Intense! Harrowing! Thought-provoking! Grimly realistic! Profound! Dull!The trouble with the review, fine though it was, is this: I actually saw the film, and the film that I actually saw was quite good, actually. Reality has quite a rude way of refuting your expectations like that. That's why it's so much more convenient to write reviews of a thing before seeing it, and why all sorts of critics so often use the simple expedient of lying about something instead of telling the truth. It allows their reviews to be so much more entertaining. Also, it often helps them cover up if they haven't actually experienced the thing they were supposed to experience.

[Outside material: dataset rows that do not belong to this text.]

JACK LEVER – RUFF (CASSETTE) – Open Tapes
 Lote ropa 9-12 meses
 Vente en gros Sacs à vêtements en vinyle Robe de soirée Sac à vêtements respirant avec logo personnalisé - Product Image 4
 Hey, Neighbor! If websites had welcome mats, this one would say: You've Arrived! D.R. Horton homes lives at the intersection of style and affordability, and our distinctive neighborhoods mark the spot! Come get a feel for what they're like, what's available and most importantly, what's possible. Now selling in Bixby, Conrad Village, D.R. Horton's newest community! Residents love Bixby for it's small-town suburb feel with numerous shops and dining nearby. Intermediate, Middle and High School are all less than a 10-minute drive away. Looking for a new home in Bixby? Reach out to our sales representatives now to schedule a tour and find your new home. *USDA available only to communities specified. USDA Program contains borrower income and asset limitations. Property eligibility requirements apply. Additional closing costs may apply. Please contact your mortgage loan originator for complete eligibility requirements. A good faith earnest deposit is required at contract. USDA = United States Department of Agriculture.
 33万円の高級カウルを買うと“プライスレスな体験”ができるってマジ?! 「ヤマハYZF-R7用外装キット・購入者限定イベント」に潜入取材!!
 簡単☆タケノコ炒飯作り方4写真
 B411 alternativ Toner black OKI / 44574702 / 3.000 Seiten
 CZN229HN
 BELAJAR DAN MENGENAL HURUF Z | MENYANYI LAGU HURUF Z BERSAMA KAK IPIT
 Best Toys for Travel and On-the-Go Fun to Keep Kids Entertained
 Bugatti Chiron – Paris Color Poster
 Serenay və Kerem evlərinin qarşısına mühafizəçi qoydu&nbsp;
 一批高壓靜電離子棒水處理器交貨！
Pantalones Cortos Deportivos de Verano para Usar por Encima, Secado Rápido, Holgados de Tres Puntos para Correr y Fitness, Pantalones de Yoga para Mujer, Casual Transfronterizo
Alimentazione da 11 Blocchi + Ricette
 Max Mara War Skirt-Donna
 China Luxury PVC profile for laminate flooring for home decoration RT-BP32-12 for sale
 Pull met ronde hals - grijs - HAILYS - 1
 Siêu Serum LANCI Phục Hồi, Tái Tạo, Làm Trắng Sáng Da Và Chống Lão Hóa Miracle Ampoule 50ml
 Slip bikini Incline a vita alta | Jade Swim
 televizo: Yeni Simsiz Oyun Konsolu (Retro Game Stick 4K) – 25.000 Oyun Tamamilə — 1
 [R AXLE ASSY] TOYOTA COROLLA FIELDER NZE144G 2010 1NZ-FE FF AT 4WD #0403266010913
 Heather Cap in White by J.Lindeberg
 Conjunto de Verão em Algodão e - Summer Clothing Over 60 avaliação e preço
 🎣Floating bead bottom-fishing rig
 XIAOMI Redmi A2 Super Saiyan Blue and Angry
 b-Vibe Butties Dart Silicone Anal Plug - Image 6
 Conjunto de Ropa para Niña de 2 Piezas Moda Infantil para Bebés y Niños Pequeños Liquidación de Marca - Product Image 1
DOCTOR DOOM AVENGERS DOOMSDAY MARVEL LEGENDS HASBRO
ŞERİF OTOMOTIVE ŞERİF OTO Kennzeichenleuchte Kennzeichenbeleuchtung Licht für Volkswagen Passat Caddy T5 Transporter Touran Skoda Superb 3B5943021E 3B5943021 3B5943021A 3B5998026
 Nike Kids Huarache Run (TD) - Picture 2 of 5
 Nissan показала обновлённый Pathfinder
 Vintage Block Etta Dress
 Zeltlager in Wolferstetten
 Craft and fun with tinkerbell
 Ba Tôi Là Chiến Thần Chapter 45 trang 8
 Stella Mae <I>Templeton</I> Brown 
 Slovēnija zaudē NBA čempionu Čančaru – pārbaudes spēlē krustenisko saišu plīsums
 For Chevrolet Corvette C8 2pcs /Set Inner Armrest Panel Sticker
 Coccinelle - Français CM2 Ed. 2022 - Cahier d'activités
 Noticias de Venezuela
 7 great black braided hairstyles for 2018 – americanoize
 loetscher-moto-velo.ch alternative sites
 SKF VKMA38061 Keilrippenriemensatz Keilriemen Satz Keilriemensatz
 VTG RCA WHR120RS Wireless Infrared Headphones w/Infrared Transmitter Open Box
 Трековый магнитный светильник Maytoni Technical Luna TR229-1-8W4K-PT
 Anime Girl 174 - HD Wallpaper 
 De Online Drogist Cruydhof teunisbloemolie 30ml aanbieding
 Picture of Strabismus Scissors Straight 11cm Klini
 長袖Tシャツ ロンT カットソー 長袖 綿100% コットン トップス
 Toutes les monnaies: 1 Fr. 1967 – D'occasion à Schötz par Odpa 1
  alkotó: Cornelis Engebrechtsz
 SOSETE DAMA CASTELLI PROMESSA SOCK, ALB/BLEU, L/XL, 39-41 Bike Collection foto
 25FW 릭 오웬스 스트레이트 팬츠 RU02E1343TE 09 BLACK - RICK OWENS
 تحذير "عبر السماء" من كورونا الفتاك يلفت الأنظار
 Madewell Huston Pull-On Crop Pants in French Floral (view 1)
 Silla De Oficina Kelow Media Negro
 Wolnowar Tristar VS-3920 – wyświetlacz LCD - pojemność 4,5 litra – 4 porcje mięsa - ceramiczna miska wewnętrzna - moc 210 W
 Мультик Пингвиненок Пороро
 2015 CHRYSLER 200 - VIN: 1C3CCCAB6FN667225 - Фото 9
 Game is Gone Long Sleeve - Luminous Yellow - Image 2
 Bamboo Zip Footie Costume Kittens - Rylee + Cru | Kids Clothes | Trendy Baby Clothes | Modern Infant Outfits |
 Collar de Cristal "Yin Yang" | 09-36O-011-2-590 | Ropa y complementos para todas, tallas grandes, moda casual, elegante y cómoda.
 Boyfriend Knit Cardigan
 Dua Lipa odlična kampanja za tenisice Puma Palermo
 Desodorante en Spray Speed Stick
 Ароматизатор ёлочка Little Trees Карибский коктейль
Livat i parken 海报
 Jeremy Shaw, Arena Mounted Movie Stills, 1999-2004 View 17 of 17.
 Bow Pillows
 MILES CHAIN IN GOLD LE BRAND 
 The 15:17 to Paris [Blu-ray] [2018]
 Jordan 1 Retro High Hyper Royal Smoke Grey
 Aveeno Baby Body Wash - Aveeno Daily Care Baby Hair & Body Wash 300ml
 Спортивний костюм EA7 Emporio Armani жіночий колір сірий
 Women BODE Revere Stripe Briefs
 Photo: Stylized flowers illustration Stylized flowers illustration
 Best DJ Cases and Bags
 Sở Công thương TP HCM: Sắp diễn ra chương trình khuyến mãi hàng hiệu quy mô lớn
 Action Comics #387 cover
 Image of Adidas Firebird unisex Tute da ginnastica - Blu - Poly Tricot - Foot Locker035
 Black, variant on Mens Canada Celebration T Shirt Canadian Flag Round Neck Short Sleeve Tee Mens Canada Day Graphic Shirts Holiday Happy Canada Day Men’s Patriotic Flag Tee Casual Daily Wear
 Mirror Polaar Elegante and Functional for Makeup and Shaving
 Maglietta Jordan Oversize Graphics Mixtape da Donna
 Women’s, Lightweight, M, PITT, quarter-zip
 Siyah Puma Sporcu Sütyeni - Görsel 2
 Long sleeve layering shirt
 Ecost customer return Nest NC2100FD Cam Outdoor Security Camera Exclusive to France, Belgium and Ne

All this reminds me, once when writing an essay at university about romantic music, I happened upon a neat quote in Hector Berlioz's Memoirs that I used to illustrate some fatuous point I was making about composers deliberately attempting to be popular. Berlioz was saying something like 'let all works that are not approved by the masses be burnt!' Years later, I actually got around to reading Berlioz's Memoirs: and discovered that he was making exactly the opposite point to that which I had quoted him as making.
Perhaps I shouldn't be so bothered by this. After all, as Sydney Smith once said: "I never read a book before reviewing it. It prejudices a man so." Likewise, one should never watch a film, go to an art gallery, read a poem, or do anything, really, before offering one's decisive critical judgment on it. Spend your time eating a cake instead. Future generations will thank you for it.